**TASK INPUT**:

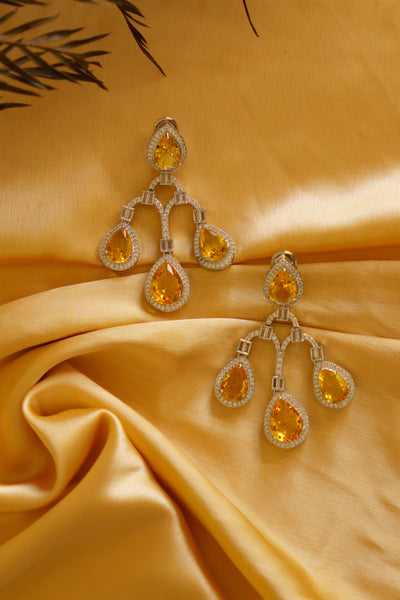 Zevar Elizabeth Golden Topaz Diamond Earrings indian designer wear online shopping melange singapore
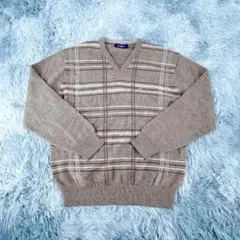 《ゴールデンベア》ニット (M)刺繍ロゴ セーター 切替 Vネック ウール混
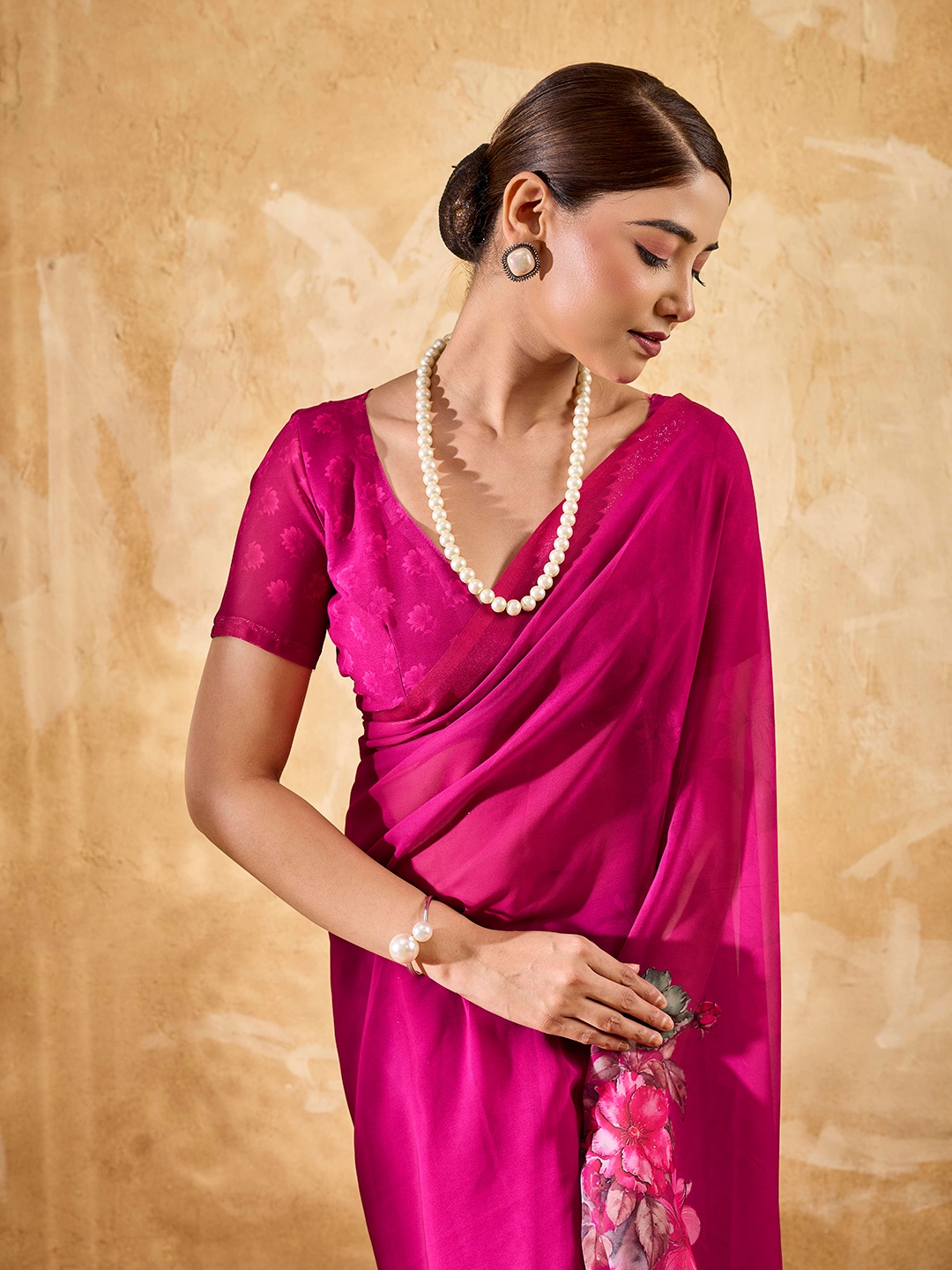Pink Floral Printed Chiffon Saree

---

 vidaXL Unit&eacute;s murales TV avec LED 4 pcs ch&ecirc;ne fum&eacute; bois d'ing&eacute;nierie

**WORK INSTRUCTIONS**:
Up in the listing, locate the line with "Zevar Elizabeth Golden"; print it and every line after it down to the line with "Pink Floral Printed Chiffon Saree", which is included too. Skip the pictures.

**RESULT FOR THIS EXERCISE**:
 Zevar Elizabeth Golden Topaz Diamond Earrings indian designer wear online shopping melange singapore
 《ゴールデンベア》ニット (M)刺繍ロゴ セーター 切替 Vネック ウール混
Pink Floral Printed Chiffon Saree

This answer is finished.